▶ [ACTIVITY]:
Write out exactly the lines from the one that contains "Transparenter Dosierbecher von" down to the last line of the material below, keeping both ends and omitting pictures.

▶ [DATA TO EXAMINE]:
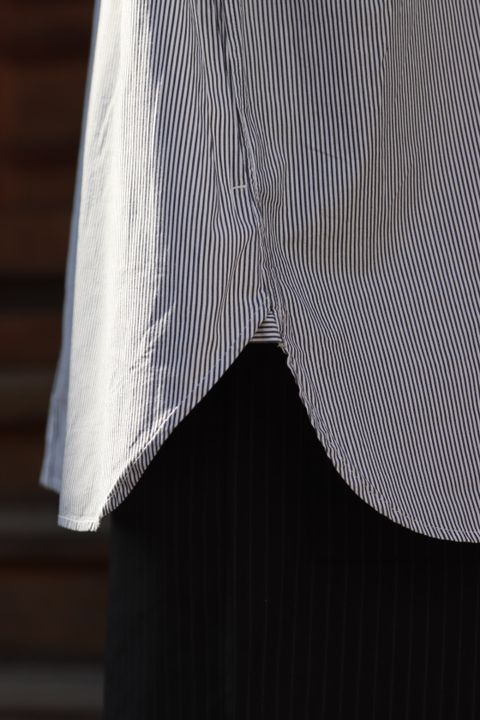 FreshService CORPORATE STRIPE REGULAR COLLAR SHIRT"WHITE×BLACK"style.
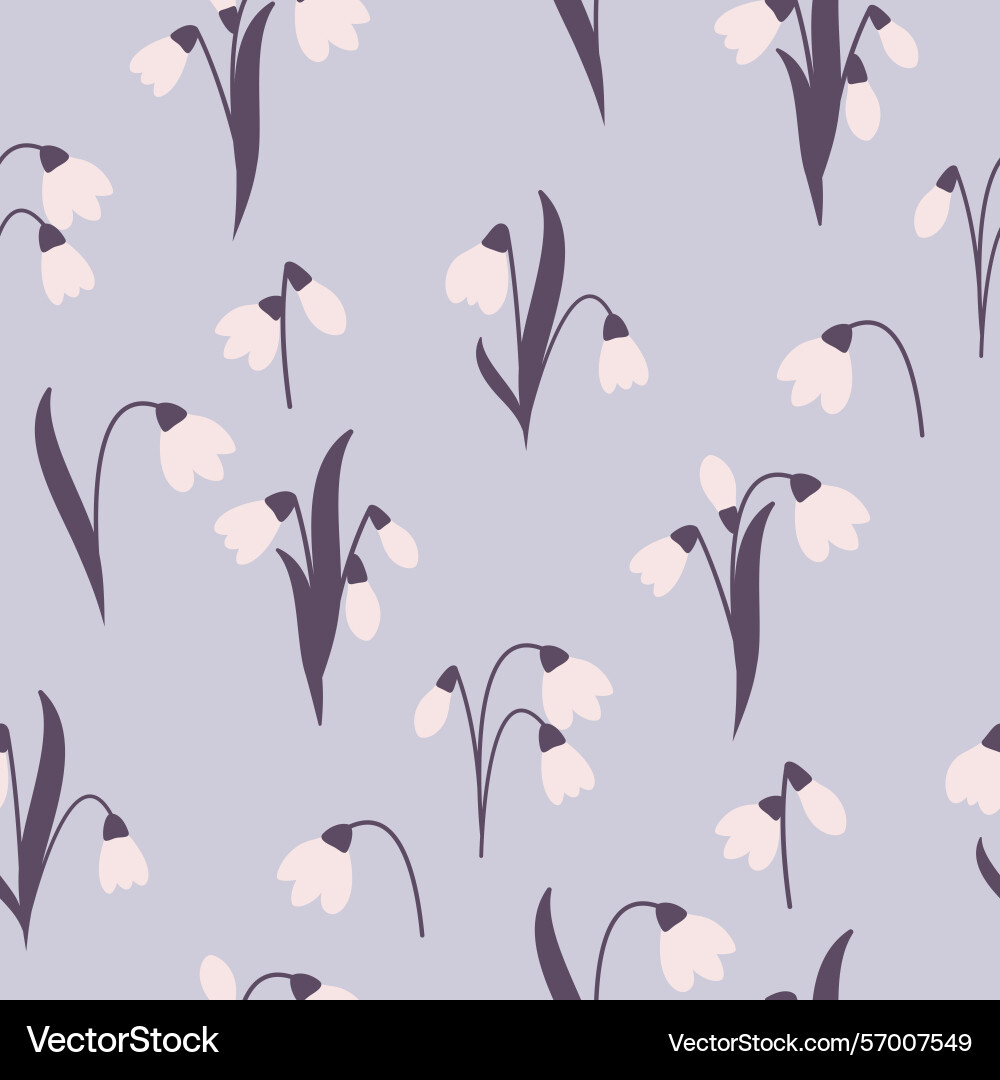 Seamless pattern with snowdrop flowers Vector Image
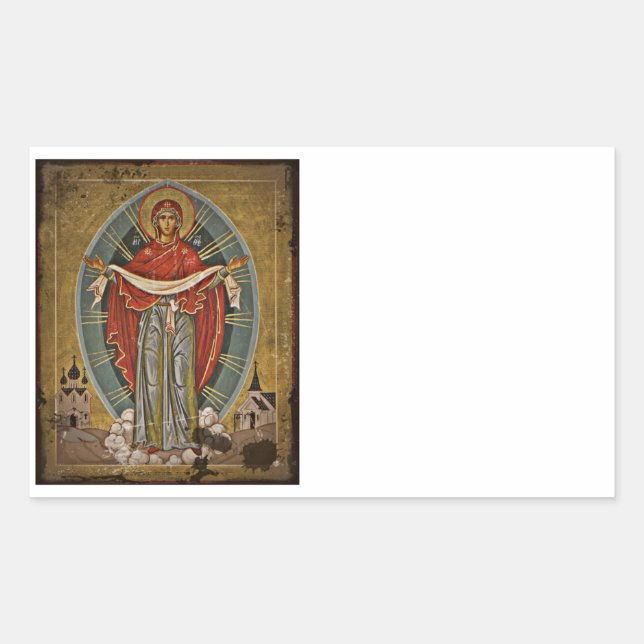 Adesivo Retangular Mary Protector Theotokos (Frente)
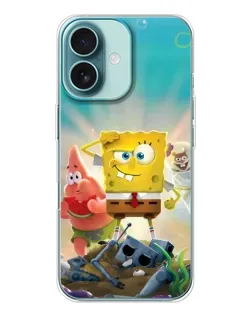 Чохол для iPhone 16 з картинкою «Спанч Боб переможець»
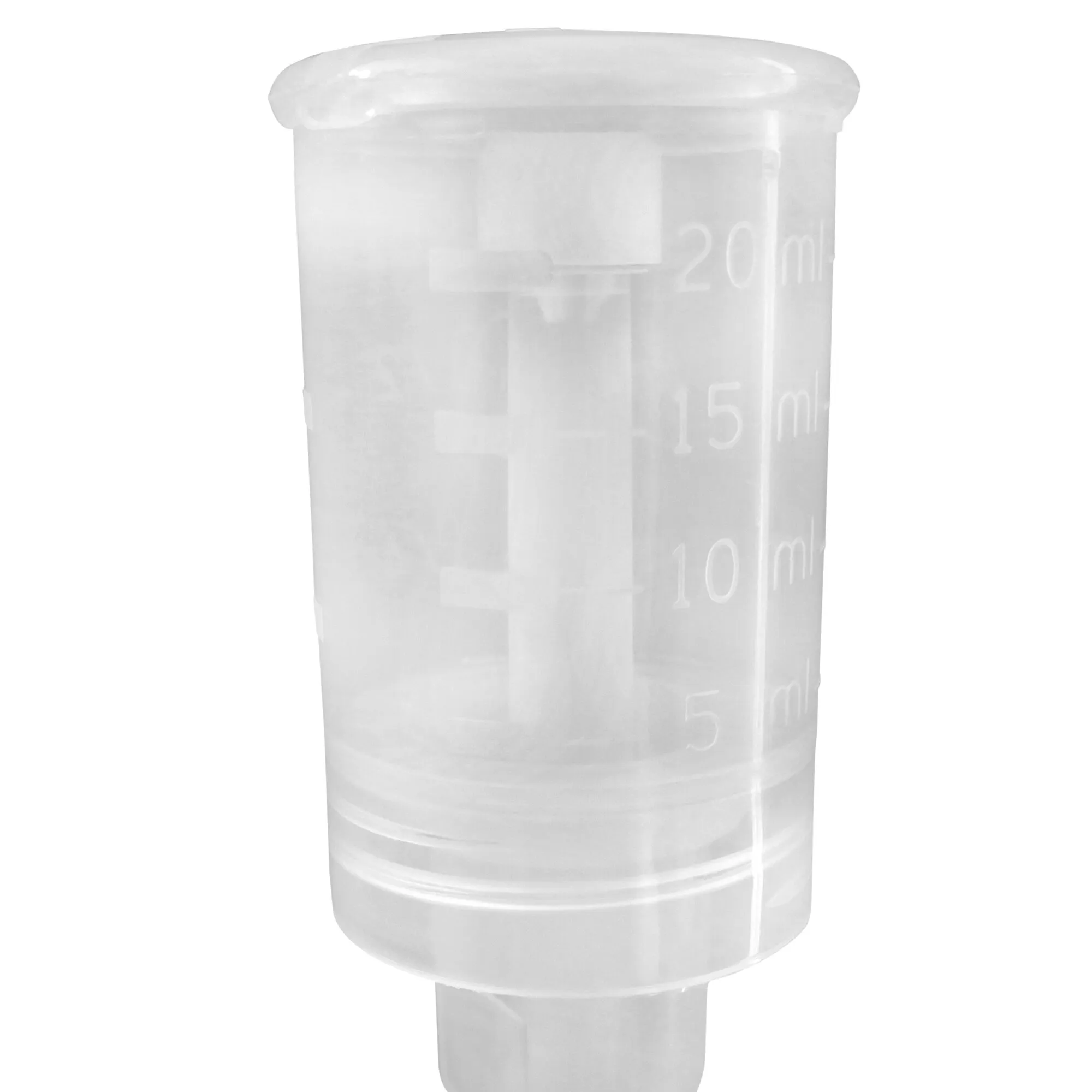 Transparenter Dosierbecher von awiwa mit Messskala für 5, 10, 15 und 20 Milliliter sowie zylindrischem Ausgießaufsatz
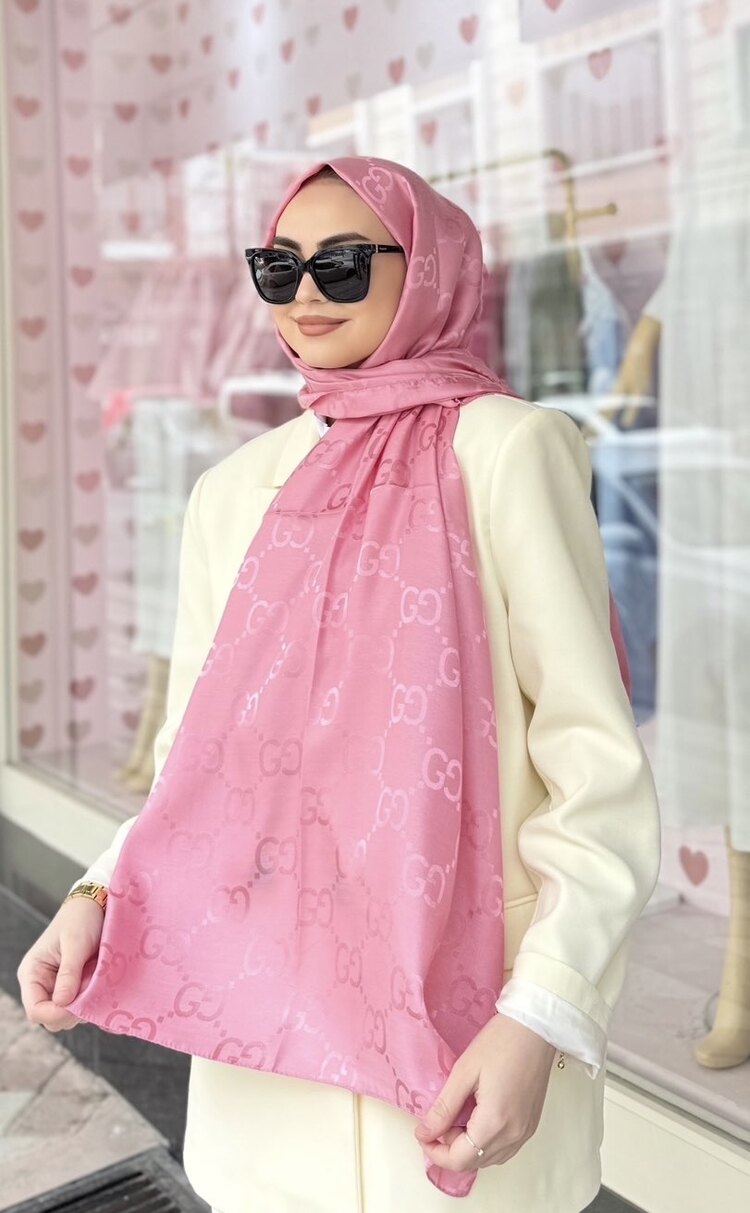 Şeker pembe pamuk jakar şal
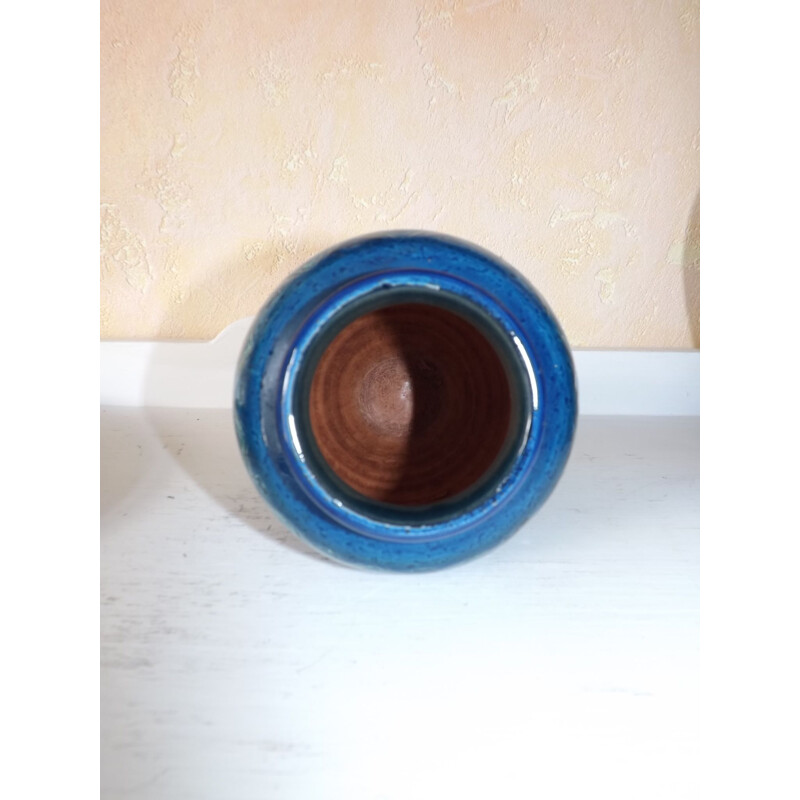 Vintage blue vase in ceramic by Londi for Bitossi 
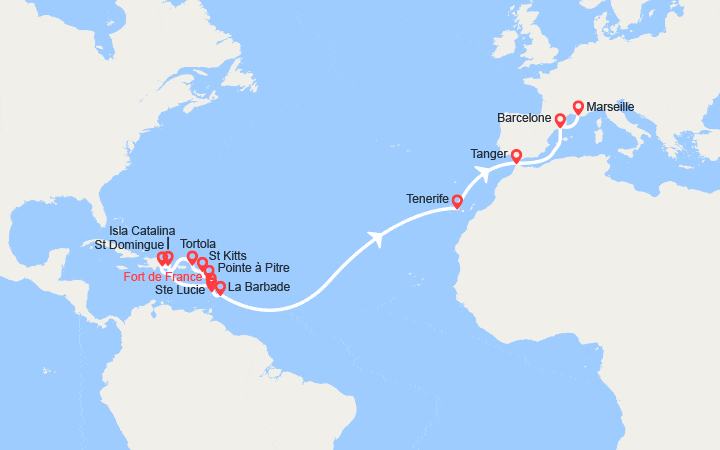 Itinéraire Transatlantique : Antilles, îles Vierges, Canaries, Maroc, Espagne, France 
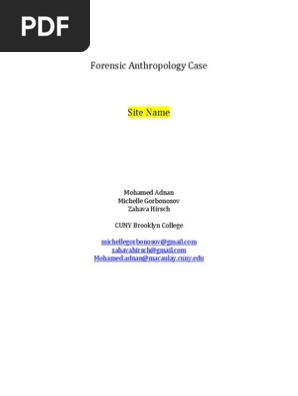 Forensic Anthropology Case Report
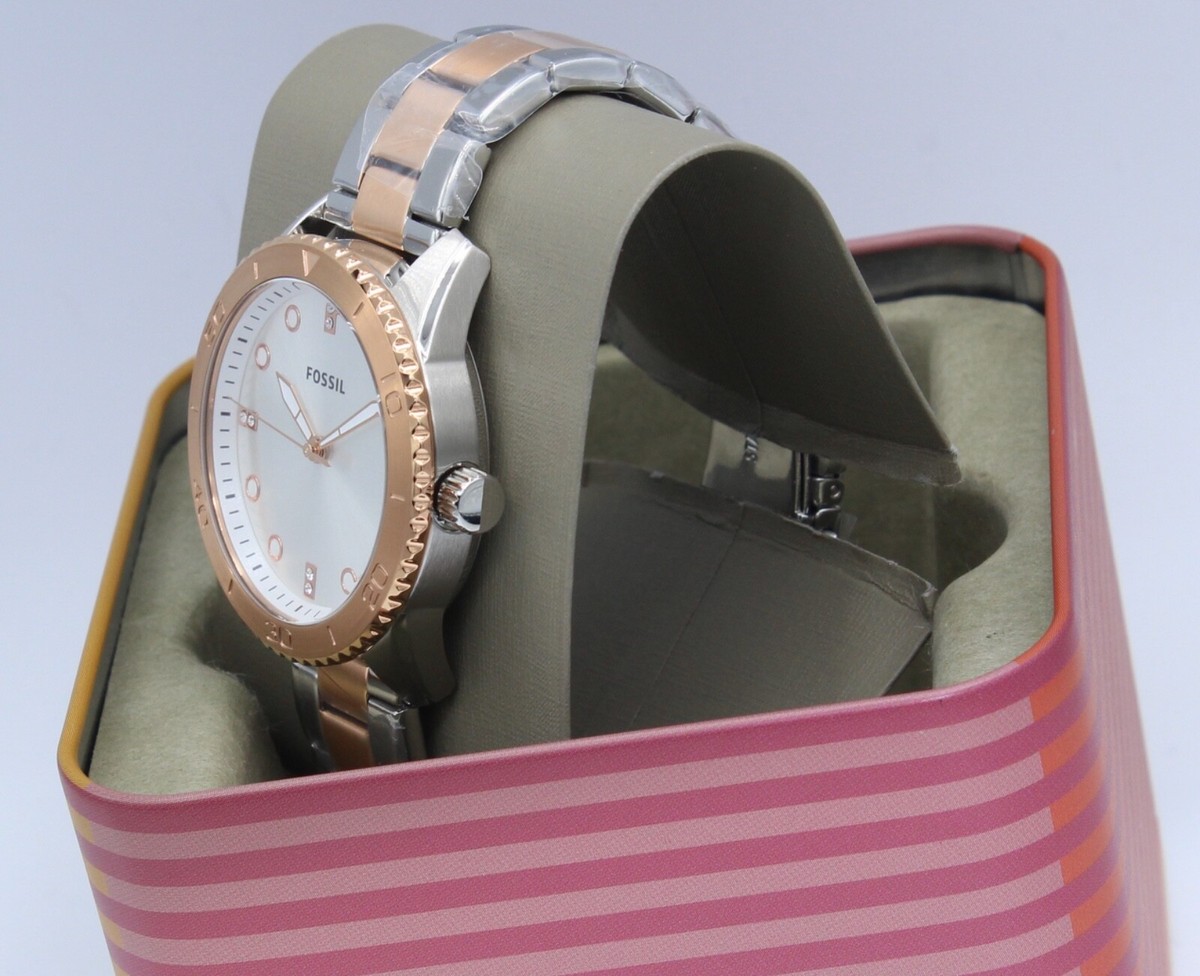 NEW AUTHENTIC FOSSIL DAYLE ROSE GOLD SILVER CRYSTALS WOMEN'S NEW AUTHENTIC FOSSIL DAYLE ROSE GOLD SILVER CRYSTALS WOMEN'S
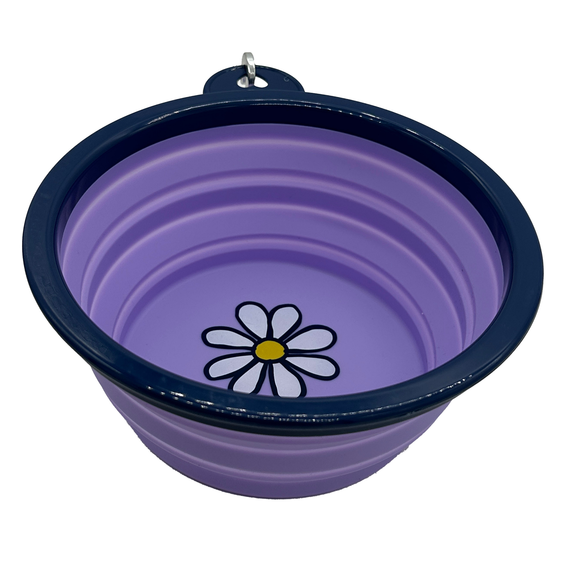 Life is Good Daisy Silicone Travel Dog Bowl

▶ [ANSWER BOX]:
 Transparenter Dosierbecher von awiwa mit Messskala für 5, 10, 15 und 20 Milliliter sowie zylindrischem Ausgießaufsatz
 Şeker pembe pamuk jakar şal
 Vintage blue vase in ceramic by Londi for Bitossi 
 Itinéraire Transatlantique : Antilles, îles Vierges, Canaries, Maroc, Espagne, France 
 Forensic Anthropology Case Report
 NEW AUTHENTIC FOSSIL DAYLE ROSE GOLD SILVER CRYSTALS WOMEN'S NEW AUTHENTIC FOSSIL DAYLE ROSE GOLD SILVER CRYSTALS WOMEN'S
 Life is Good Daisy Silicone Travel Dog Bowl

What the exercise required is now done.